### WORK INSTRUCTIONS:
Output the lines from the one holding "Buy Exclusive design" to the end of the entries that follow, exactly and only those, minus any pictures.

Pictures with short captions

▼

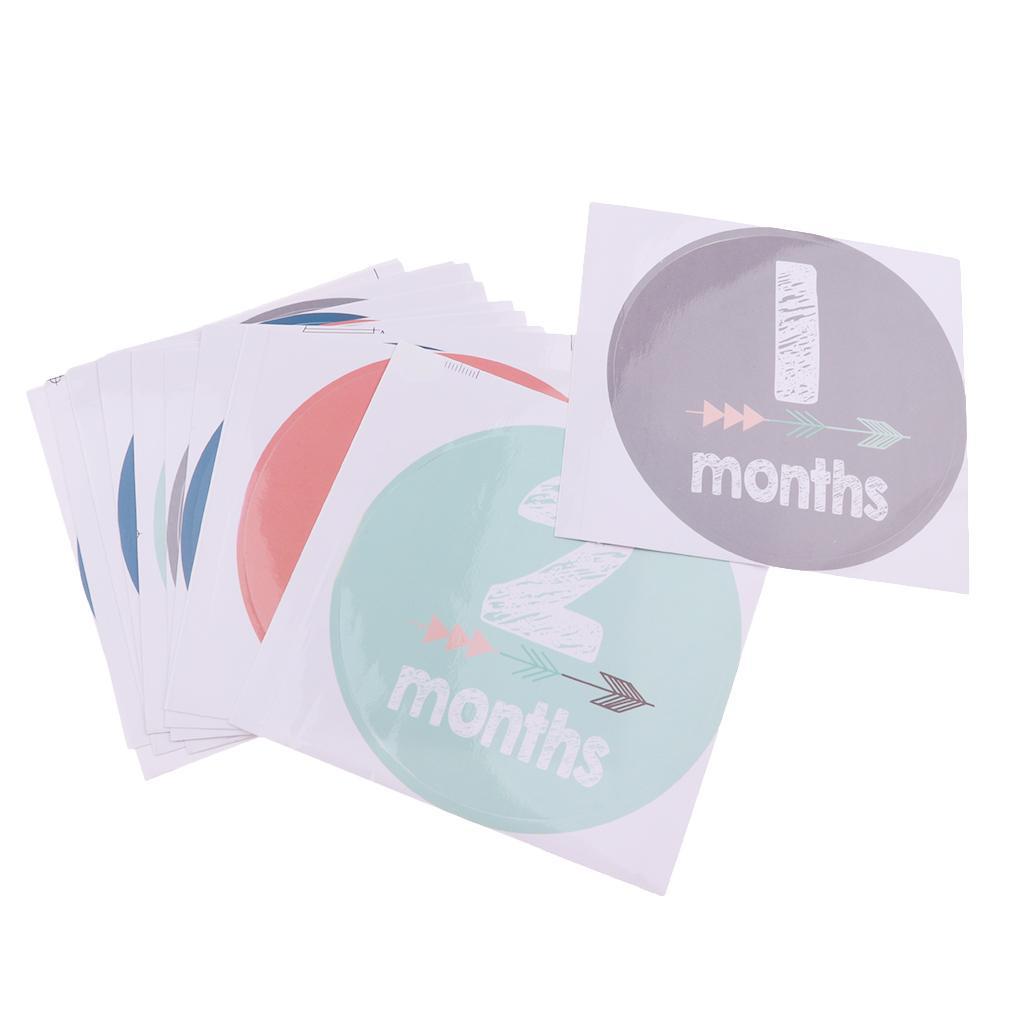 1-12 Months Baby Milestone Month Animal Stickers Baby Boys Girls Photo Props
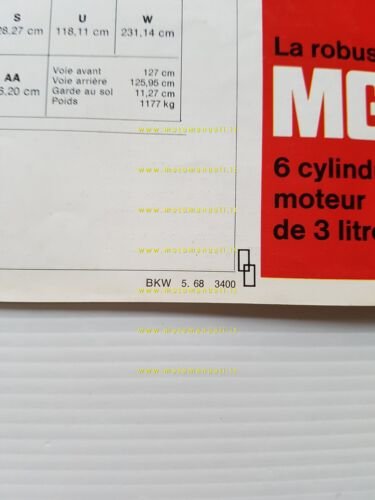 MG C 1968 depliant originale francese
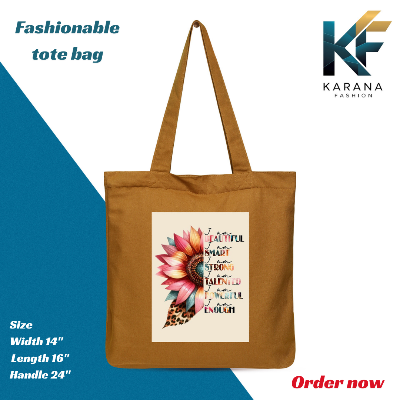 Buy Exclusive design printed Canvas Tote Bag with Zipper for ladies at Best Price in Bangladesh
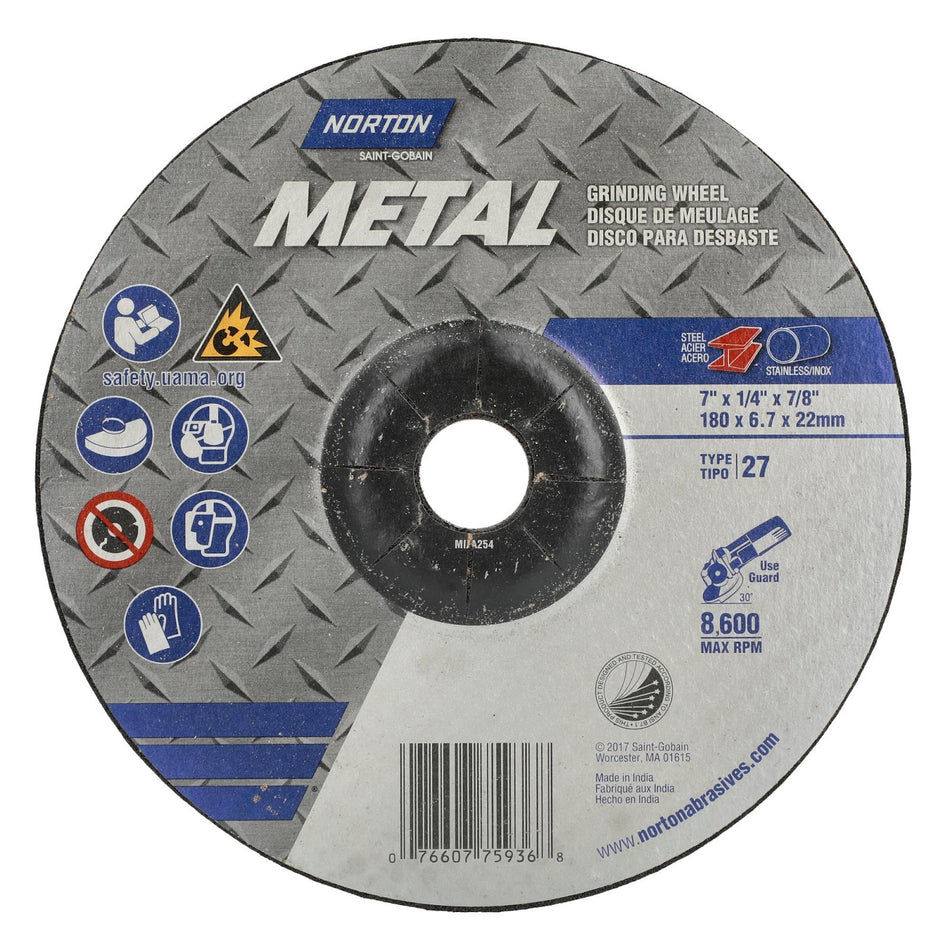 Norton 7 x 1/4 in Metal Type 27 Grinding Wheel AO 24 Grit R B, 5-Pack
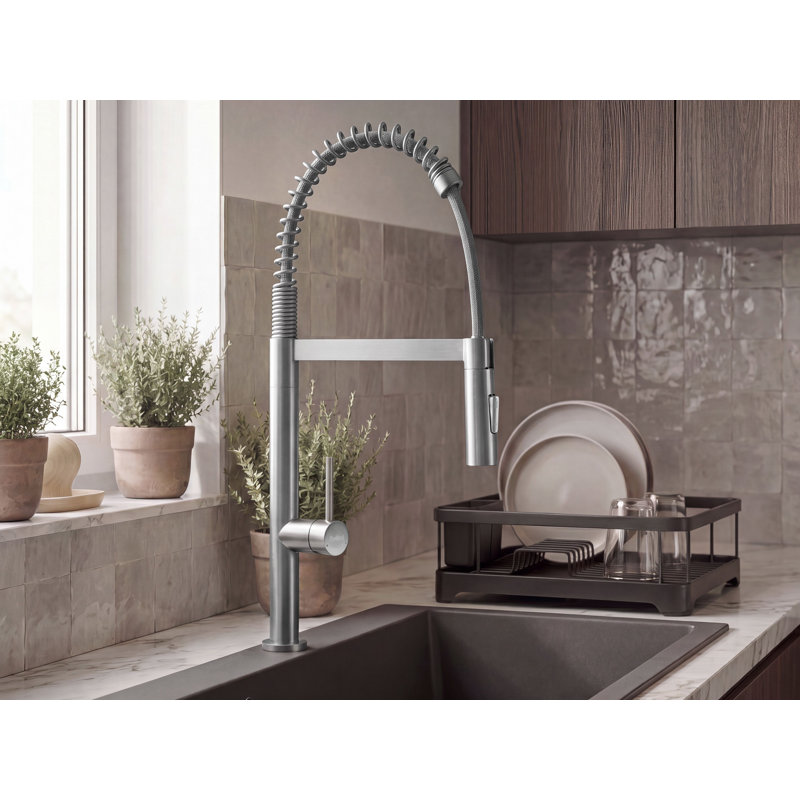 Kitchen Spring Coil Tap ATCAMA Silver, Silver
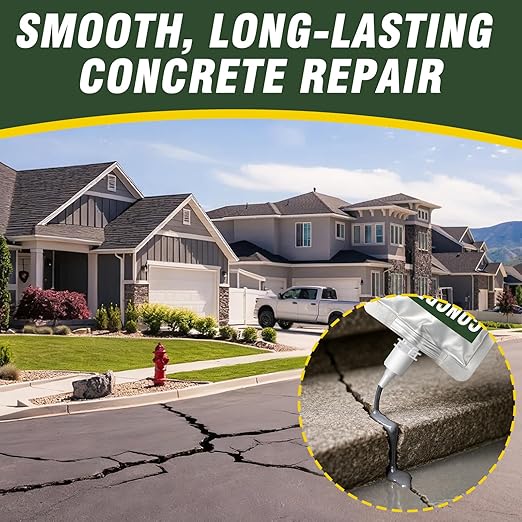 Concrete Crack Filler, Cement Crack Filler, Self Leveling Crack Sealant, Waterproof, High Elasticity Caulking Glue for Driveway, Sidewalk, Patio, Outdoor Concrete Joint Repair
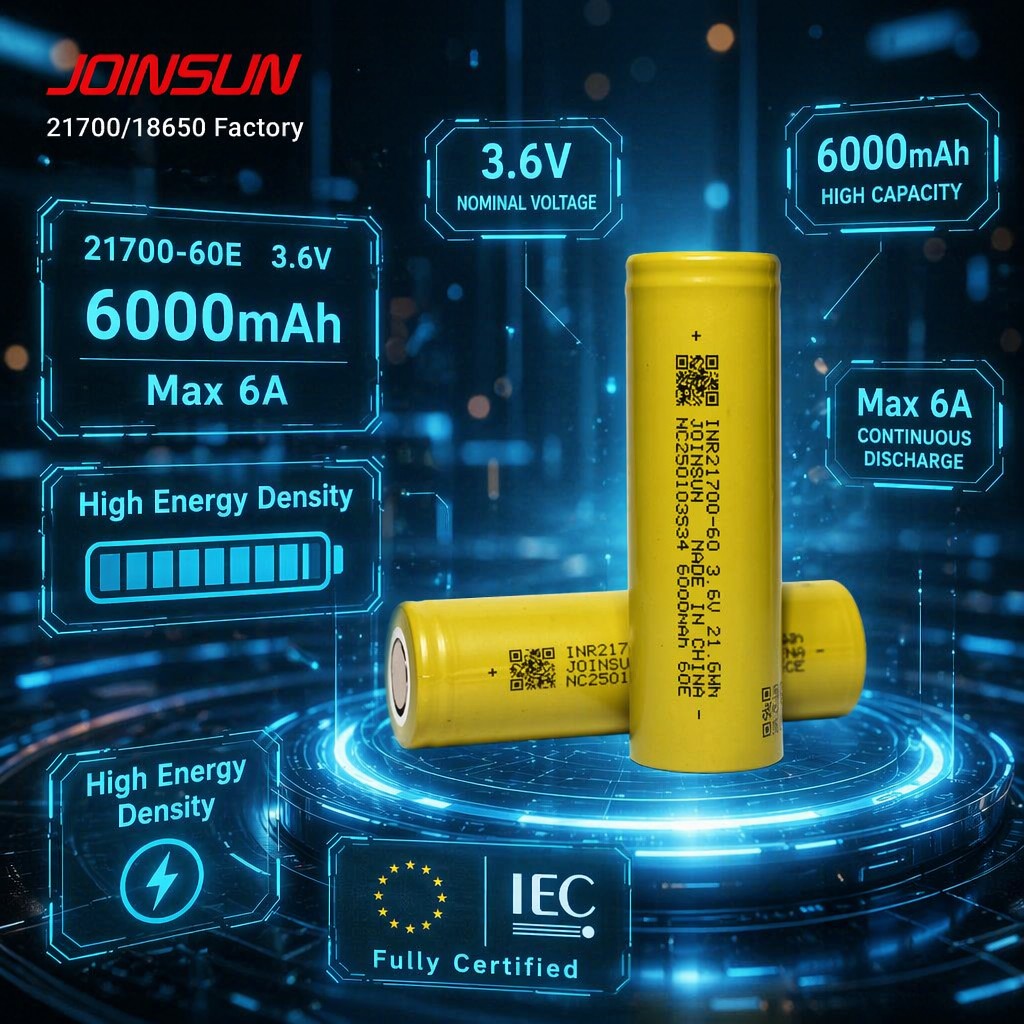 JOINSUN 21700-6000mAh高容量锂离子电芯 JOINSUN 21700-6000mAh高容量锂离子电芯=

▲

### OUTPUT FOR THIS EXERCISE:
 Buy Exclusive design printed Canvas Tote Bag with Zipper for ladies at Best Price in Bangladesh
 Norton 7 x 1/4 in Metal Type 27 Grinding Wheel AO 24 Grit R B, 5-Pack
 Kitchen Spring Coil Tap ATCAMA Silver, Silver
 Concrete Crack Filler, Cement Crack Filler, Self Leveling Crack Sealant, Waterproof, High Elasticity Caulking Glue for Driveway, Sidewalk, Patio, Outdoor Concrete Joint Repair
 JOINSUN 21700-6000mAh高容量锂离子电芯 JOINSUN 21700-6000mAh高容量锂离子电芯=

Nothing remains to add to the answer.